**TASK INPUT:**
========================================================================
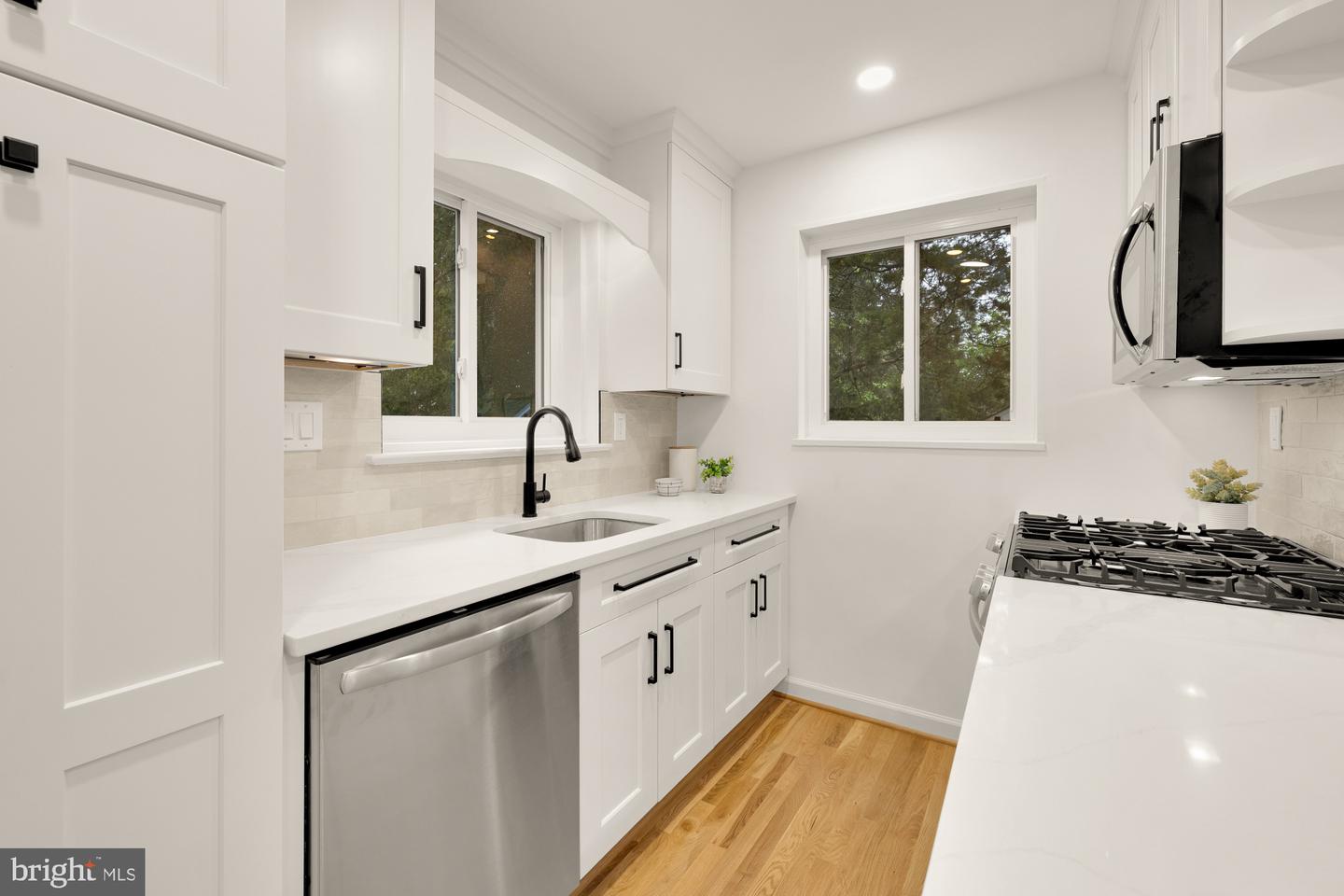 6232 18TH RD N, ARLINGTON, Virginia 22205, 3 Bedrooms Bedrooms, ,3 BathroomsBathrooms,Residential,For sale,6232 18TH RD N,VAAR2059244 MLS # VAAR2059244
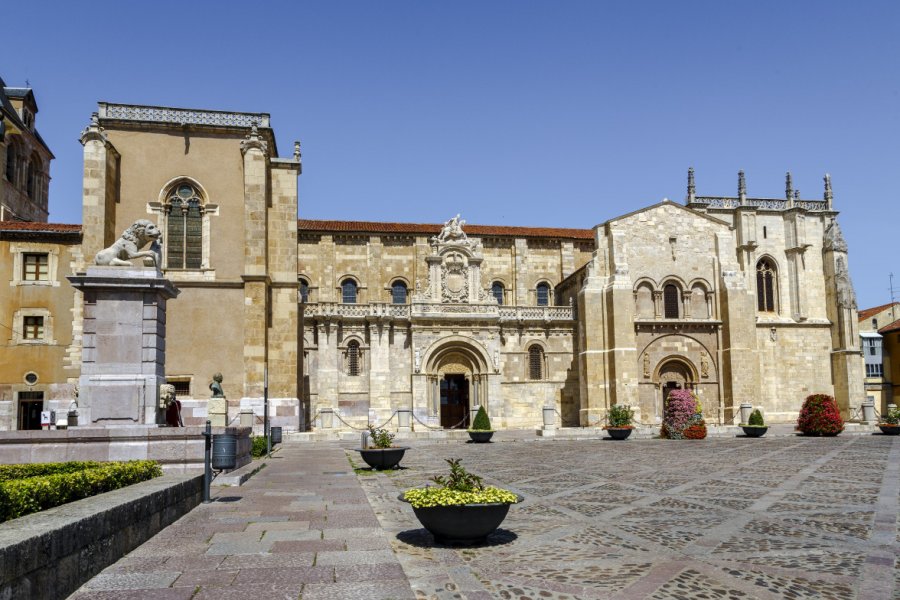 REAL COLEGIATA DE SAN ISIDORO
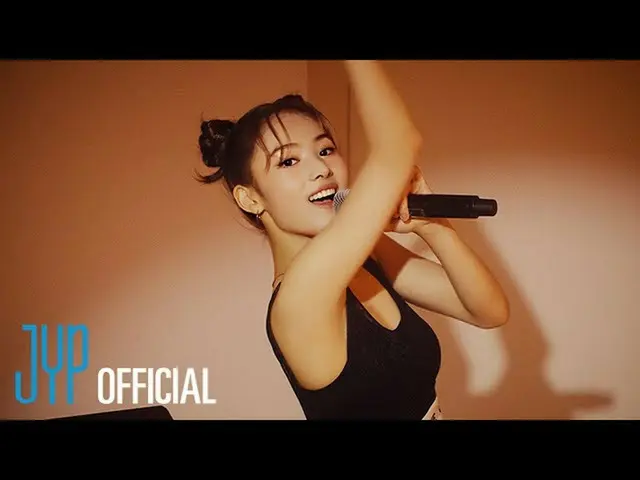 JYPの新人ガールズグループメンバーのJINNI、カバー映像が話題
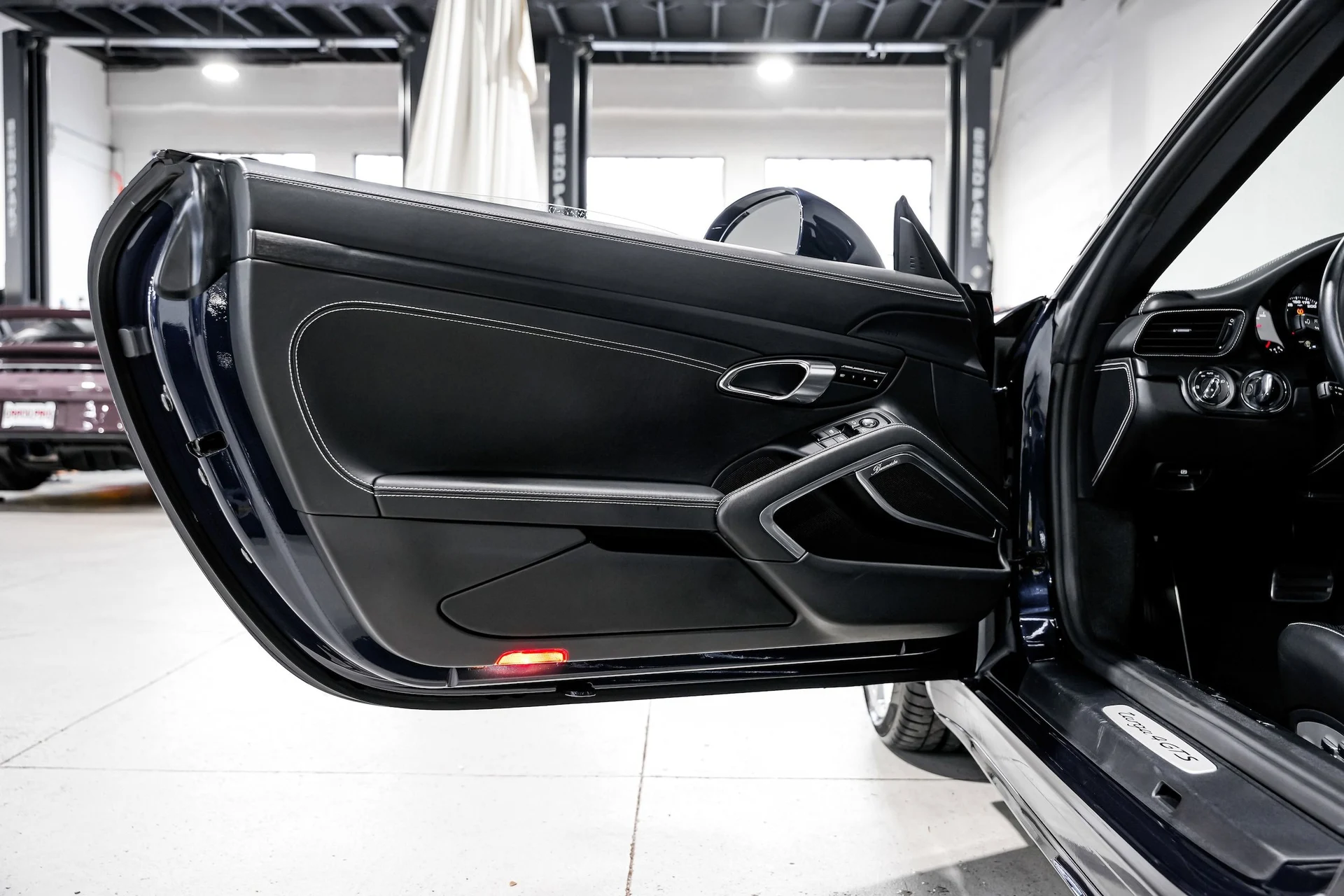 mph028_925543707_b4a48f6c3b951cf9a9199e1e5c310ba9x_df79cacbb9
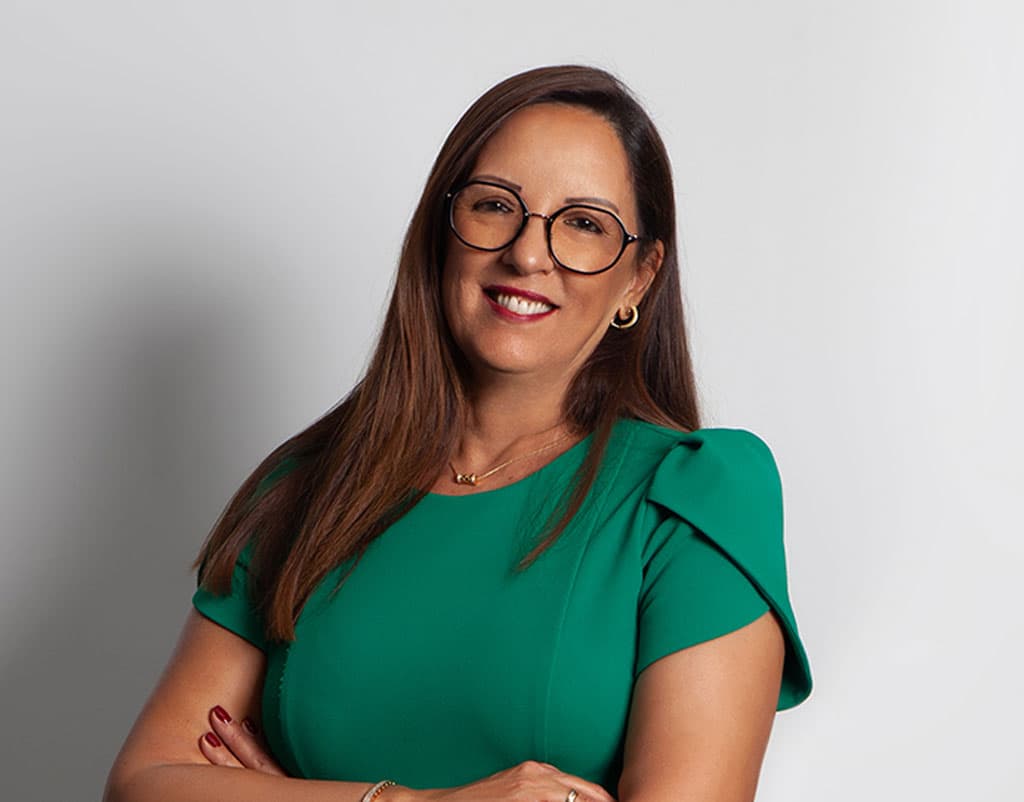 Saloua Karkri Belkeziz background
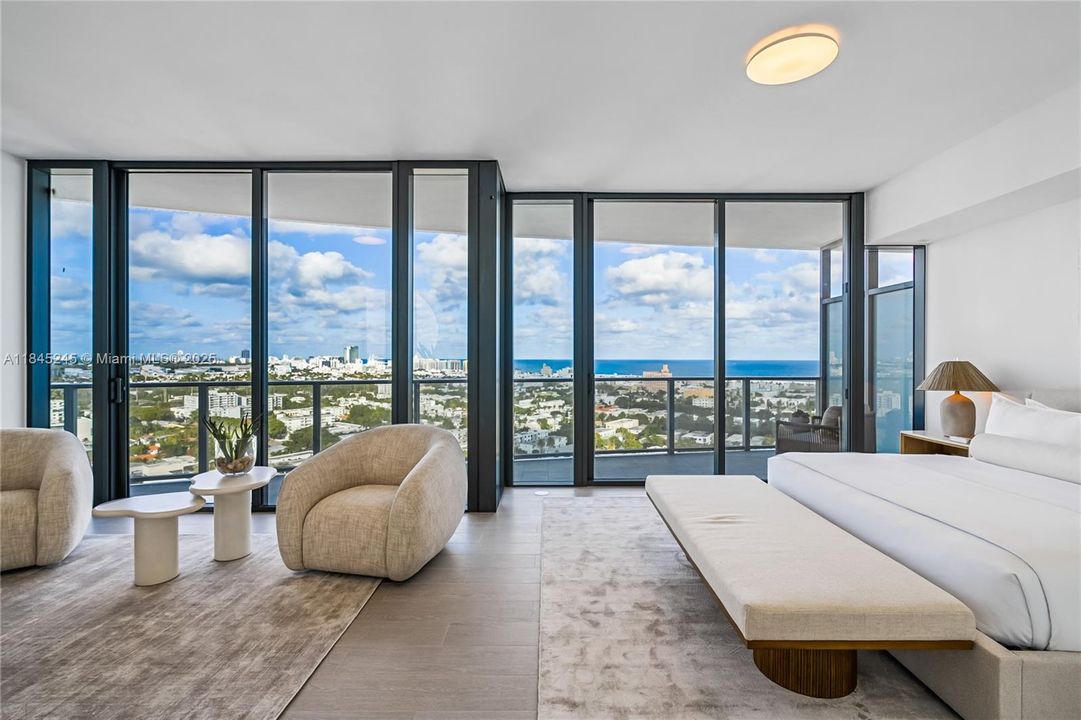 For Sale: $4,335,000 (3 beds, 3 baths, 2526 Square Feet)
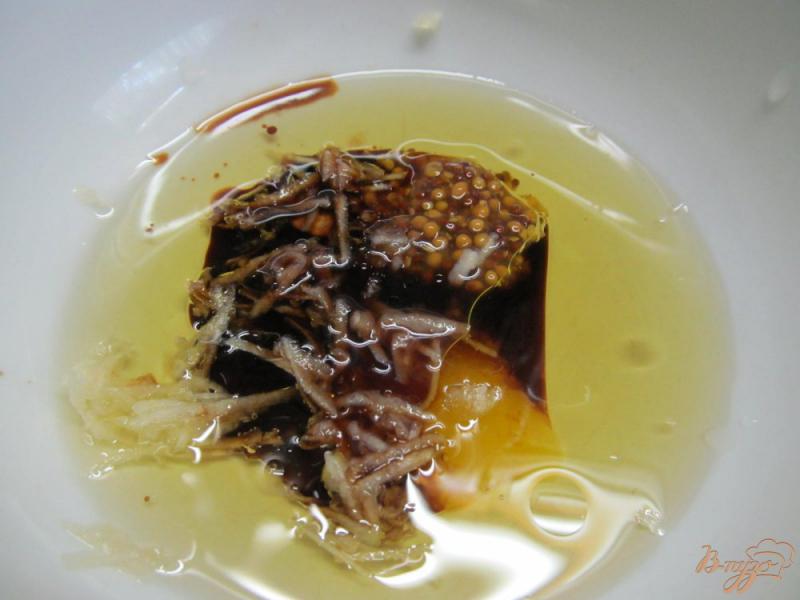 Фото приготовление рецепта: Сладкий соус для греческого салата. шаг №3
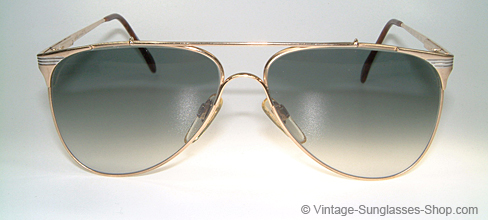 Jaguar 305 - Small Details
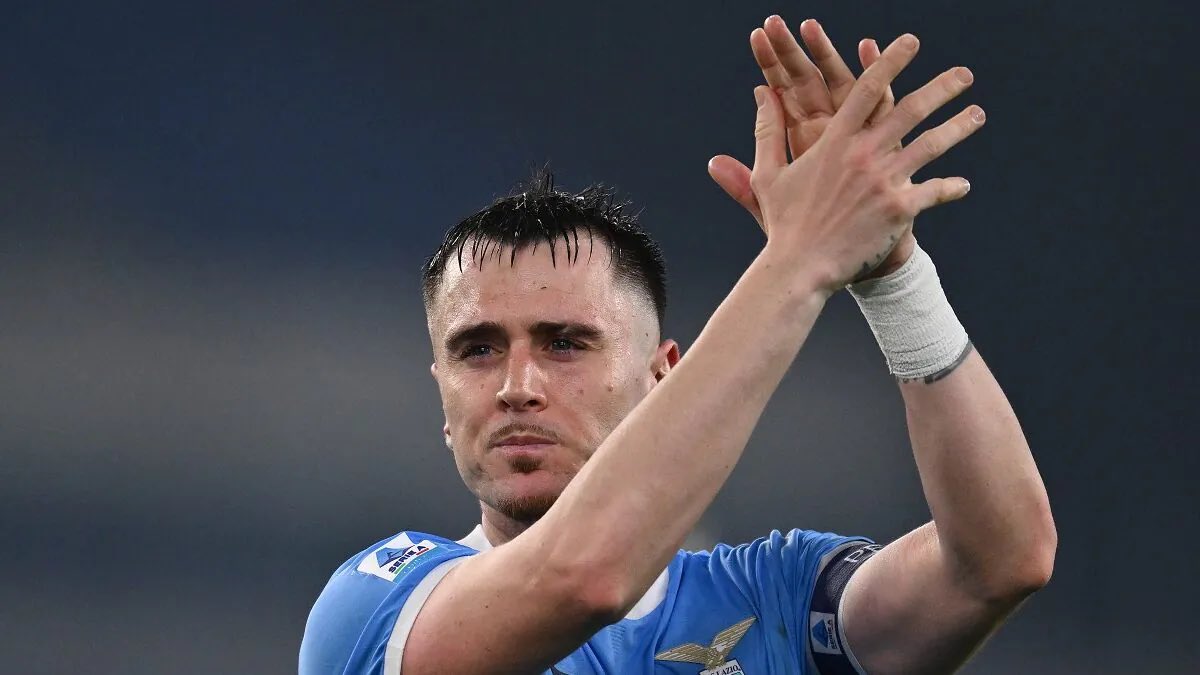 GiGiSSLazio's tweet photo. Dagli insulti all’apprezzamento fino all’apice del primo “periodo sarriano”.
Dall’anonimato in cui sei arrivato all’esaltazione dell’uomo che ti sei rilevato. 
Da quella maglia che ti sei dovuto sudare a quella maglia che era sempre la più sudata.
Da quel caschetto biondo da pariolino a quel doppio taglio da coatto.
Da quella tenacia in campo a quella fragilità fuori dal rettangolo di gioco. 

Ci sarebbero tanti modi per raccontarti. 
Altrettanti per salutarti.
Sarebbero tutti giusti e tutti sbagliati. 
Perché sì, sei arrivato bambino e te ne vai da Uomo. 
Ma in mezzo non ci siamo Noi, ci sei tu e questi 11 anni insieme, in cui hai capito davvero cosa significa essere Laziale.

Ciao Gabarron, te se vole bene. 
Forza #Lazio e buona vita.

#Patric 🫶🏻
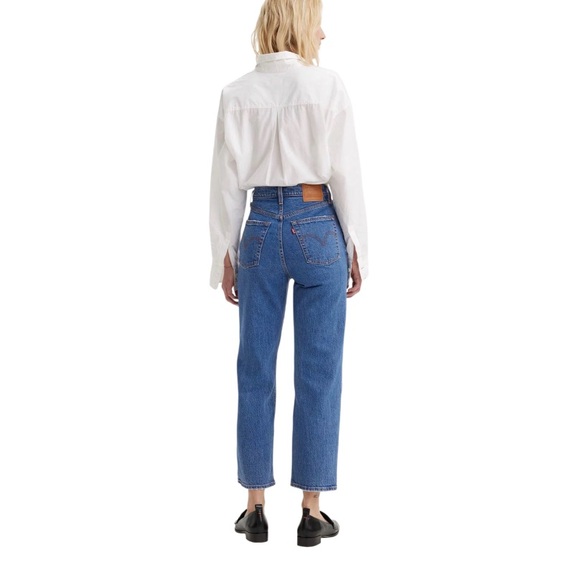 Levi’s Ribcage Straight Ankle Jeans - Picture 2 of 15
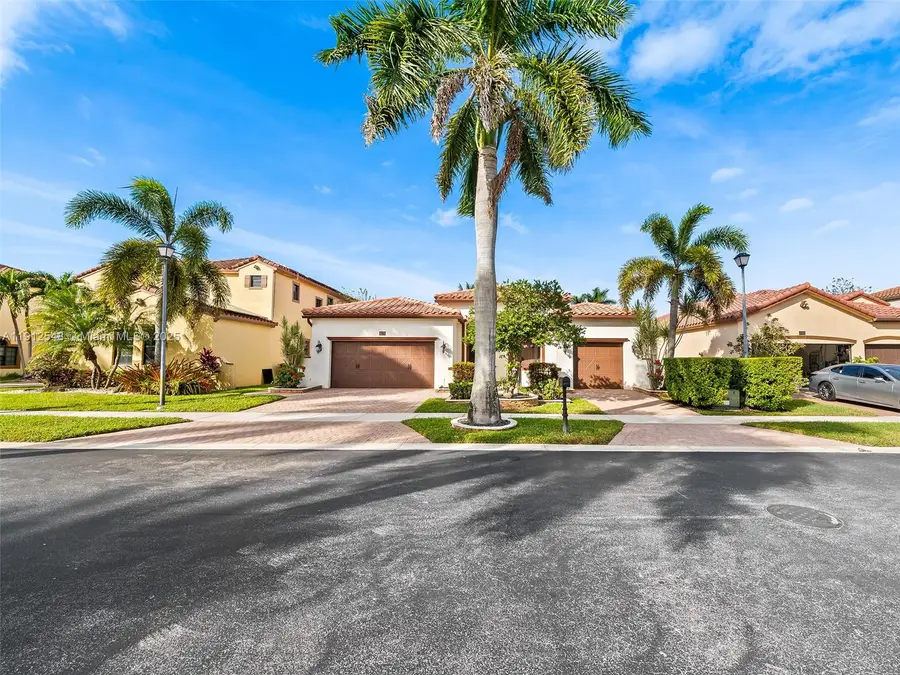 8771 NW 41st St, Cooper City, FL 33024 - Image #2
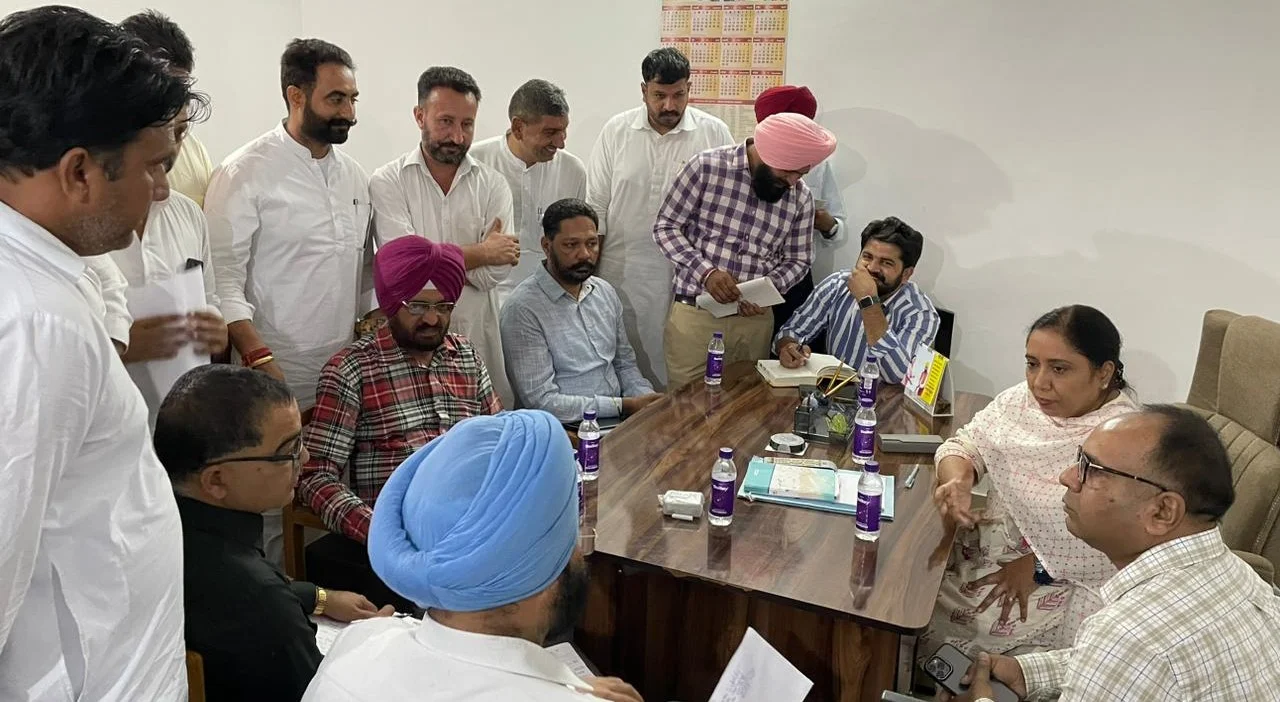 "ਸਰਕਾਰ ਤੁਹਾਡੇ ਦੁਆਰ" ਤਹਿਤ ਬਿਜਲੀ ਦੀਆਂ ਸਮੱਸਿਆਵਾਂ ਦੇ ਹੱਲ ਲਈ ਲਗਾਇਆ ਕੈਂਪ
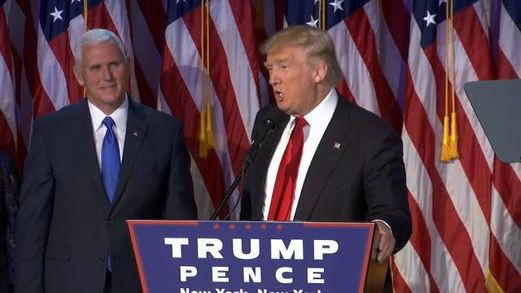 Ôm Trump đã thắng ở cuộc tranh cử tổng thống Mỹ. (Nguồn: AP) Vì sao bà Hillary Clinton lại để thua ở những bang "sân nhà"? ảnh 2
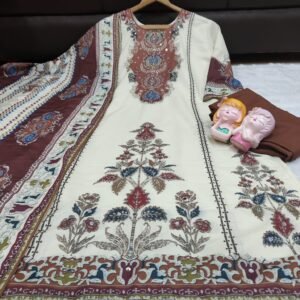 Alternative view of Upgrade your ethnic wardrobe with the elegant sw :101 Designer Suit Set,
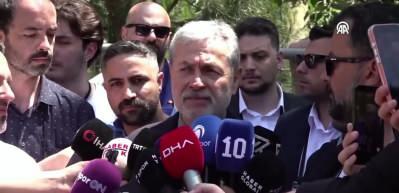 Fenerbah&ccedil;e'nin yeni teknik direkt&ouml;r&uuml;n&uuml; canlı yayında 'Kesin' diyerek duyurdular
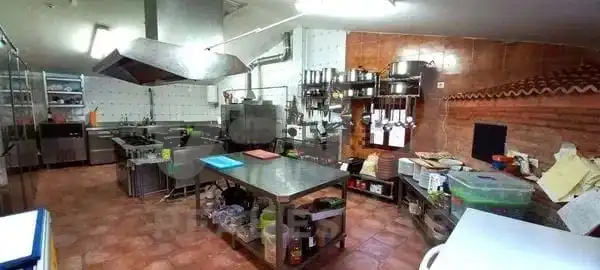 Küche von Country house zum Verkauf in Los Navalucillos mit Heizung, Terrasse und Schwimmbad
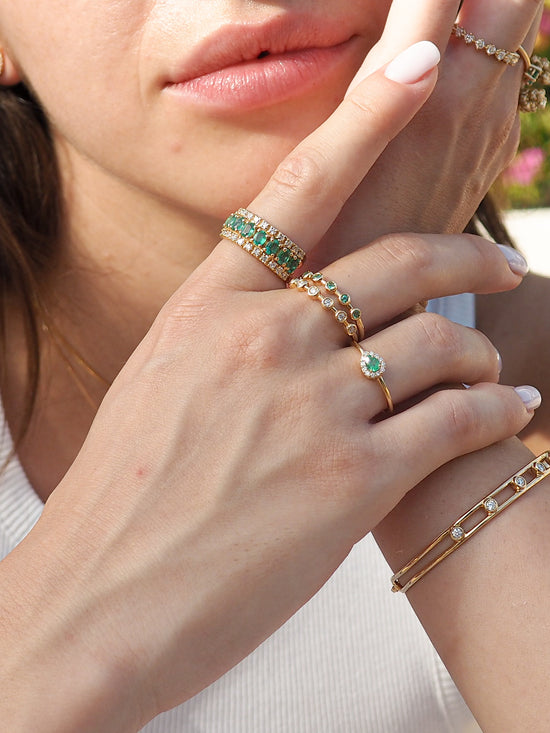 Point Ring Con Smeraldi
========================================================================
**PROBLEM TO SOLVE:**
Find the word "quella" in the listing above. Copy each line where it appears.

**EXERCISE OUTPUT:**
Da quella maglia che ti sei dovuto sudare a quella maglia che era sempre la più sudata.
Da quella tenacia in campo a quella fragilità fuori dal rettangolo di gioco. 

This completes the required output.